Some of Mr. Oates's opponents were convinced he was being

let off the hook too easily. One hit on the idea of having

a computer judge the case and approached Walter Stewart and

Ned Feder, scientists at the National Institutes of Health

in Bethesda who had developed what the media dubbed a

"plagiarism machine."

Mr. Stewart and Mr. Feder spent four months on the project.

By the time it was over, they had scanned more than 60

books into a computer and compared them not just to Mr.

Oates's Lincoln biography but to his subsequent biographies

of William Faulkner and the Rev. Dr. Martin Luther King Jr.

as well. Their software followed a simple rule: each time a

string of at least 30 characters in one of Mr. Oates's

books matched a string of 30 characters in one of the other

books, the computer made a note. (Strings of fewer than 30

characters were apt to turn up meaningless matches -

including common proper names and phrases.)

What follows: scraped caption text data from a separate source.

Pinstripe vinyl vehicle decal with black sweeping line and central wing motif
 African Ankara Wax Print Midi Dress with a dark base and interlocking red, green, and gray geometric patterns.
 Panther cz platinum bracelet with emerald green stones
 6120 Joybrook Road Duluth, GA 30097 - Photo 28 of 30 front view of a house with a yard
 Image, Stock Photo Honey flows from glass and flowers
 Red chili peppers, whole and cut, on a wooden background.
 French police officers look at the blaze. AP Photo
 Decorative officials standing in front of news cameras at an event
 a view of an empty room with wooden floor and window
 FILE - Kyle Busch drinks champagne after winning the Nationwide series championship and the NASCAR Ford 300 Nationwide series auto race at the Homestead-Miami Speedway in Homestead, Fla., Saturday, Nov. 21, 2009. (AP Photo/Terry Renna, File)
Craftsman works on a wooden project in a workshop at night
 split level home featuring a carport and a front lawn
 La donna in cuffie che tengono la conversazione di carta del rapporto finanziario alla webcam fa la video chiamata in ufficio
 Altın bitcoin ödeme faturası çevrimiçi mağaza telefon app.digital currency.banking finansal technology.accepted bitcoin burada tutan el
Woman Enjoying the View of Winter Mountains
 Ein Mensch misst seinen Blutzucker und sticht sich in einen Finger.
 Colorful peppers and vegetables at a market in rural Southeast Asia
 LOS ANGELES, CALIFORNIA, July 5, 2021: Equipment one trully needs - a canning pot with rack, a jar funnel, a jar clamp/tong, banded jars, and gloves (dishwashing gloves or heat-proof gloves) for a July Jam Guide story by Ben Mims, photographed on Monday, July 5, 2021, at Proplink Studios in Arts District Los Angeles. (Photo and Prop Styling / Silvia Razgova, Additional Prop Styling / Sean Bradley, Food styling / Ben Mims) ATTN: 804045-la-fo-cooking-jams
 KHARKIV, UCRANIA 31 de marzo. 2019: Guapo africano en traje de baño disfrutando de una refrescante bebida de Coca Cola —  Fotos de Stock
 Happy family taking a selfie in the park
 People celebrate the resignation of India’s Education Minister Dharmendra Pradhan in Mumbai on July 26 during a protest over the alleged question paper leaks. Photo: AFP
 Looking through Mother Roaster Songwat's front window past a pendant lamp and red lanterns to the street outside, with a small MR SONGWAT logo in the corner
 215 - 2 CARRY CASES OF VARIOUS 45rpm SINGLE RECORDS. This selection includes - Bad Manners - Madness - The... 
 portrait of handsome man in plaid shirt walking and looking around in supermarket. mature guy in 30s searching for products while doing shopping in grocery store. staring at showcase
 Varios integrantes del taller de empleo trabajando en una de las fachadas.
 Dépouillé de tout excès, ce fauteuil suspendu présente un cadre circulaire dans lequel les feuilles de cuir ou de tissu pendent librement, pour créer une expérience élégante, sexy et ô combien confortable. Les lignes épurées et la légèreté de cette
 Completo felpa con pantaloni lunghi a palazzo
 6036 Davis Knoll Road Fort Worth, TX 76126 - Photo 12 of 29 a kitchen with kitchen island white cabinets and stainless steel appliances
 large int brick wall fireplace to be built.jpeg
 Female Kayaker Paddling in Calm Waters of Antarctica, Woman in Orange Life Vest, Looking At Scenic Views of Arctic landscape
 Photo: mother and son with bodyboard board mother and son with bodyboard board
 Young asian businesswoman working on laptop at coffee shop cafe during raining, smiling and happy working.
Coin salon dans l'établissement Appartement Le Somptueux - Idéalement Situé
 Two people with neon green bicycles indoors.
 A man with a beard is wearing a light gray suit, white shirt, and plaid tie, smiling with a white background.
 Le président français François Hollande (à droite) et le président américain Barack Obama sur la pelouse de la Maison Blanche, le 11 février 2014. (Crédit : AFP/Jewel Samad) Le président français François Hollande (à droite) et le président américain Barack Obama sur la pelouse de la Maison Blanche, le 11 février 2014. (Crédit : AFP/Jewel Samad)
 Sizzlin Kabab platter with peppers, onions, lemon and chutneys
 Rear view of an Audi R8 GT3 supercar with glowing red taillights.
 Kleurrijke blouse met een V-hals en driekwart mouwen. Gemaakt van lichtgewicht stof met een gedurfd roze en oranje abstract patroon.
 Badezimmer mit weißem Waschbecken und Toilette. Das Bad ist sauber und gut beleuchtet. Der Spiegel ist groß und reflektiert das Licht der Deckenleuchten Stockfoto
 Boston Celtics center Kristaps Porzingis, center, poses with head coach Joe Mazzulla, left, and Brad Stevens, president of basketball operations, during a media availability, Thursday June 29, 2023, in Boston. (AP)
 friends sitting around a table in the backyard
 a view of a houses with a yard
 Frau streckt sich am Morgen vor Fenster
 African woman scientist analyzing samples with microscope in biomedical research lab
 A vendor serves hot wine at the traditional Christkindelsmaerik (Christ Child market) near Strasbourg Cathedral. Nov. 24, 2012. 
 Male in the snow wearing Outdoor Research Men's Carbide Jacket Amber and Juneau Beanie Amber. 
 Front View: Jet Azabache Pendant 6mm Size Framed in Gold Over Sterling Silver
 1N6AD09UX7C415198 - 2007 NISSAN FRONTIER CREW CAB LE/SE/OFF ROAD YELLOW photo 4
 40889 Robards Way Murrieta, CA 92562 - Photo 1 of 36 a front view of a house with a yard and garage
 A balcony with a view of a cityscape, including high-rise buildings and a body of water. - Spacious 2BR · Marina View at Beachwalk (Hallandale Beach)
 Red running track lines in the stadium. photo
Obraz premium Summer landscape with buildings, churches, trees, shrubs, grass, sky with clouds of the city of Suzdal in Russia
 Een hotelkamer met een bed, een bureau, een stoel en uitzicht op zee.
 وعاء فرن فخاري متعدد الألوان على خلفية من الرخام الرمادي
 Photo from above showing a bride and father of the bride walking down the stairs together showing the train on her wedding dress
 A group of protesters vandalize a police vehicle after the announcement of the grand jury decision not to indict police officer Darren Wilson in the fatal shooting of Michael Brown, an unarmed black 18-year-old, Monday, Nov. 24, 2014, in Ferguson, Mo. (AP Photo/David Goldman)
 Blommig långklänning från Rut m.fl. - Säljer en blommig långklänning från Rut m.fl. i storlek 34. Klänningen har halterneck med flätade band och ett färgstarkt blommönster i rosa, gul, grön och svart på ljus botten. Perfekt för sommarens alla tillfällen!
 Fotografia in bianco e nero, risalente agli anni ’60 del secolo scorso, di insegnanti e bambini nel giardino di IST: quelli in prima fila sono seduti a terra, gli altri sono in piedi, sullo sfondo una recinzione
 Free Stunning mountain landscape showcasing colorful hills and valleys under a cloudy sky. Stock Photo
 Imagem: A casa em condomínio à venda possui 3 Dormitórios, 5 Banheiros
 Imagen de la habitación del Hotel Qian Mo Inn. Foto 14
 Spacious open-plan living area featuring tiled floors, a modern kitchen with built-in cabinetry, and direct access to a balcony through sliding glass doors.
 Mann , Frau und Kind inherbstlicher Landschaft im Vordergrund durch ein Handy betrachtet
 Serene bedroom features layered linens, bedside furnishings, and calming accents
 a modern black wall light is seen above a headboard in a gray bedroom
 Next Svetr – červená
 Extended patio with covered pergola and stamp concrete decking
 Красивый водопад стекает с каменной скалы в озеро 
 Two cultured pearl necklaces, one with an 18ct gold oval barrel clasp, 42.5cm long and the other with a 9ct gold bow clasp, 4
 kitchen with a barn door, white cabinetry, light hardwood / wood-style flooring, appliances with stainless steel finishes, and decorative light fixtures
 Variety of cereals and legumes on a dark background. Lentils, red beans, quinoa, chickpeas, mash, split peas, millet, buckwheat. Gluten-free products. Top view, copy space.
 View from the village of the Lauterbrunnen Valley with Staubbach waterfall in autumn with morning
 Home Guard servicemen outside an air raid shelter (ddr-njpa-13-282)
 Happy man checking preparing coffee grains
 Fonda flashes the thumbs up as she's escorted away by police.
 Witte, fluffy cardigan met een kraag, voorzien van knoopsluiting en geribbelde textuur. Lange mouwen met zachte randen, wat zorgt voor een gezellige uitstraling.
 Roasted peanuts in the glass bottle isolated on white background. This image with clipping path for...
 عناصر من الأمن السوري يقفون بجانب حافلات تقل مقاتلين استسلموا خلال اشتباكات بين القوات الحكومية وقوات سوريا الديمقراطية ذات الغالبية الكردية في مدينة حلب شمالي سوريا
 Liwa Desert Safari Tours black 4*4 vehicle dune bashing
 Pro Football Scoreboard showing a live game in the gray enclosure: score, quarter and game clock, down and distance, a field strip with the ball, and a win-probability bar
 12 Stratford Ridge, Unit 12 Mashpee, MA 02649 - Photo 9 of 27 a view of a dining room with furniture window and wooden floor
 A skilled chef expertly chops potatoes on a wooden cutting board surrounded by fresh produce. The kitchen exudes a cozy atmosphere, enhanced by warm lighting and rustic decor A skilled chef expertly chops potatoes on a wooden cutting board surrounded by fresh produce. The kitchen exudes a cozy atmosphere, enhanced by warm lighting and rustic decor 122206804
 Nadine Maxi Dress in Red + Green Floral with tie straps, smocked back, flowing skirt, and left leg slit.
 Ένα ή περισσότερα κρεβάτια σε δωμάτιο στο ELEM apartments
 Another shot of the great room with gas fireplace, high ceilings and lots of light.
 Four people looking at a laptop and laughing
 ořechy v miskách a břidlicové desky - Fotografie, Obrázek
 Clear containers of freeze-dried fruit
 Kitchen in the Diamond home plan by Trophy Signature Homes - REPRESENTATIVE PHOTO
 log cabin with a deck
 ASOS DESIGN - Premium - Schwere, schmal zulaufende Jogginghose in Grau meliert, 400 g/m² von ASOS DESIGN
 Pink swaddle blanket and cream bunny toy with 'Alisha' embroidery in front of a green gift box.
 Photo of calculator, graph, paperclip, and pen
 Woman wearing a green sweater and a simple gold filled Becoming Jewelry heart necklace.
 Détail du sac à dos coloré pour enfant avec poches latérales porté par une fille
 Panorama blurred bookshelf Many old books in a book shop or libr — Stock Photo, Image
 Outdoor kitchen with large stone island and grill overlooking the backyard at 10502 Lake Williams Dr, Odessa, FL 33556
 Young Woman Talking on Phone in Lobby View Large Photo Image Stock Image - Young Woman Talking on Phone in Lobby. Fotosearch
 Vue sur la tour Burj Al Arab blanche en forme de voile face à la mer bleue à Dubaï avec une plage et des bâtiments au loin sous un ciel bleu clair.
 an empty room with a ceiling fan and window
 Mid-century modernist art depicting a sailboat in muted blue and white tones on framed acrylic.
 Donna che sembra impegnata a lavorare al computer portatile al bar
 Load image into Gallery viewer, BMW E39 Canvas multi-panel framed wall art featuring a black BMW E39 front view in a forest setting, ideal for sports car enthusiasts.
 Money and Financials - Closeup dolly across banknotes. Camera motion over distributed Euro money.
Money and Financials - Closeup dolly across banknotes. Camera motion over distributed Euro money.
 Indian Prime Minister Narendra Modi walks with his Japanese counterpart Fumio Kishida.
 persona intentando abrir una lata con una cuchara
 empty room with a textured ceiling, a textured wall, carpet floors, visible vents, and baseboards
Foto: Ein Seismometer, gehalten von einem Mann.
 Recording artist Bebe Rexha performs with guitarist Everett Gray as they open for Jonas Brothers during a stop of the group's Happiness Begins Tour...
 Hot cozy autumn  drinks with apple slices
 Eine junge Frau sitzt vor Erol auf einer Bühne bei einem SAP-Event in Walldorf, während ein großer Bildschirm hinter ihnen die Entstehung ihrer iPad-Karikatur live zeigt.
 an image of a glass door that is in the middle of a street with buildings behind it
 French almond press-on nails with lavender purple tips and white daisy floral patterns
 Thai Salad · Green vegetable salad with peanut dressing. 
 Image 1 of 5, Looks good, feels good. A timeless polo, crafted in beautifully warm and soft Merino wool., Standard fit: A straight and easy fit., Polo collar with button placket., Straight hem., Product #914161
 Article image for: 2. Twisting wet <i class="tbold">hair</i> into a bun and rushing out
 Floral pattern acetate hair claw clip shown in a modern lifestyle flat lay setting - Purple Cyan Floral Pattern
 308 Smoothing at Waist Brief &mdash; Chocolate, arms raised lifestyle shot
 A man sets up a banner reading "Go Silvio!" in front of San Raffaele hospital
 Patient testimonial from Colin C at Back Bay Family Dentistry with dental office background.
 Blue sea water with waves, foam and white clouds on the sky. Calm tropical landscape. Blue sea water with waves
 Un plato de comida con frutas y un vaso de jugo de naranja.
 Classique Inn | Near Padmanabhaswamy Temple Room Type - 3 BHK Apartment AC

In February 1993, the scientists submitted a 1,400- page

report to the association, detailing what they claimed were

175 instances of plagiarism in the Lincoln biography, 200

instances in the Faulkner biography and 240 instances in

the King biography, all identified by their computer. But

once again the association found no evidence of plagiarism,

though it did state that Mr. Oates had depended to a degree

greater than recommended "on the structure, distinctive

language and rhetorical strategies of other scholars and

sources." The association also took pains to dismiss Mr.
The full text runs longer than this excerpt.